What is needed: Set down exactly the lines below between the line holding "Front view of" and the line holding "The man chooses", inclusive; no other line belongs in the answer.

[Opening Extracted entries section]

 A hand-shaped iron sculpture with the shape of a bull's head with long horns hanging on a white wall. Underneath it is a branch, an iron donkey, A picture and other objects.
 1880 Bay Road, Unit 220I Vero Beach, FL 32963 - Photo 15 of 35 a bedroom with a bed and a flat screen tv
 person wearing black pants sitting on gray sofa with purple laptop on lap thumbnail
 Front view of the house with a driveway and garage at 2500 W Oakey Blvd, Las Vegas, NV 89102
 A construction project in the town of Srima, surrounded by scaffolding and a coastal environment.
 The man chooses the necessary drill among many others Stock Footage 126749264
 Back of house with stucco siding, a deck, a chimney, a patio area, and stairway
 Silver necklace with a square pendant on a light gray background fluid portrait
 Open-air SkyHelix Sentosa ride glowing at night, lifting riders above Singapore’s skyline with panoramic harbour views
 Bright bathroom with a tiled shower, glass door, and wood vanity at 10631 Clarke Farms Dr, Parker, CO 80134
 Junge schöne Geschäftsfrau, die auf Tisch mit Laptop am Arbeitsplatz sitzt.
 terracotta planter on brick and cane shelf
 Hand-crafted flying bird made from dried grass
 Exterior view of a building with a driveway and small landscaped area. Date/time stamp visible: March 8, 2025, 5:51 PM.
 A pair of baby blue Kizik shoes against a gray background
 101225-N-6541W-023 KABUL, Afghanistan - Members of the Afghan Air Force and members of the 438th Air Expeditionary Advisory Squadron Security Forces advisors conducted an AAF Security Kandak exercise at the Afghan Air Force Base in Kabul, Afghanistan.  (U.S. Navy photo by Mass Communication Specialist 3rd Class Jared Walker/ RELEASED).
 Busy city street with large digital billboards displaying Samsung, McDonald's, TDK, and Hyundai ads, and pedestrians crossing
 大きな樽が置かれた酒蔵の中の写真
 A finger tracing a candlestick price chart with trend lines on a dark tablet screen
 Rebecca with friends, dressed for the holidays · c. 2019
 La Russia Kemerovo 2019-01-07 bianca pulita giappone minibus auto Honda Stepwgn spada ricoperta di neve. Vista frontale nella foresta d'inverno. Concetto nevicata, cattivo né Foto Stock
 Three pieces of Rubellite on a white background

[Closing Extracted entries section]

Reply:
 Front view of the house with a driveway and garage at 2500 W Oakey Blvd, Las Vegas, NV 89102
 A construction project in the town of Srima, surrounded by scaffolding and a coastal environment.
 The man chooses the necessary drill among many others Stock Footage 126749264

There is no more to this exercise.